«Люди устали от холодного, лишённого какой-либо душевности, энергетики пластика, которым мы всю планету засорили, и уже сегодня чувствуют потребность в исконных материалах», – уверен народный мастер России, мастер народных художественных промыслов Свердловской области, создатель Нижнетагильского музея «Солнечная береста» Сергей Коротченя.
Лучше всех устроился
Рада Боженко, «АиФ»: – Сергей Арсеньевич, этот год в России посвящён народному искусству. Кроме того, учреждён новый праздник – День народных художественных промыслов. То есть власть на вас, мастеров, обратила внимание. Что вы от этого ждёте, на что надеетесь?
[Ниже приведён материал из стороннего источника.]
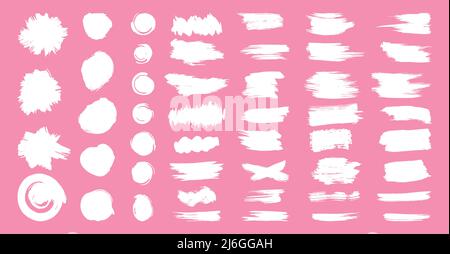 Brush strokes white text boxes set. Paintbrush, templates for cards. Grunge design elements and painted objects. Dirty distress texture banners and lines. Ink splatters for advertising. Vector Stock Vector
Сергей Коротченя: – Хорошо, что спохватились. Почему я так говорю? Потому что сегодня мастеров мало, остались те, кто занимается этим 20–30 лет. Я провожу мастер-классы по художественной обработке бересты и вижу, что интересно это только ребятишкам и людям моего поколения. А на что надеемся? Всегда хочется сказать: «Не помогают, не поддерживают». Но, с другой стороны, Коротченя лучше всех устроился – музей есть, помещение есть, два года комбинат мне оплачивал аренду. Экскурсии, мастер-классы провожу, на что жаловаться? Да, по большей части музей у меня бесплатный, мастер-классы социальные, для людей с ограниченными возможностями здоровья, для многодетных семей. Один из важных вопросов удалось решить – отремонтировать, извините, туалет и оборудовать его для колясочников (пандус и стоянка для спецтранспорта ещё раньше были сделаны), так что я теперь могу не только экскурсии для инвалидов проводить, но и обучать их. Это очень важно! Случилась трагедия – человек оказался прикован к инвалидному креслу. Что ему делать, в четырёх стенах замкнуться? А это такой промысел, что можно сидя работать, дай человеку инструмент в руки и будет берестой заниматься.
Ну так вот... Радостно, что на нас обратили внимание, тем более что поддержка нам, мастерам-индивидуалам, со стороны государства действительно, нужна. В первую очередь в вопросе реализации наших изделий. Покупайте! В конце концов, к нам на Средний Урал очень много гостей приезжает, и изделия мастеров будут лучшим подарком для их родных. Это и будет поддержка промыслов. Да, нас зовут на ярмарки, но, извините, надо заплатить за дорогу, за транспортировку изделий, надо переночевать где-то, если ярмарка далеко или не одного дня. Фактически, съездив куда-то и украсив какое-то мероприятие, ты ничего не зарабатываешь. Если что-то продал, дай Бог, чтобы дорога окупилась. А ведь люди живут этим, как, например, наши тагильчане живут подносным промыслом. На самом же деле, не так много мастеров, которые тянут какой-то конкретный промысел.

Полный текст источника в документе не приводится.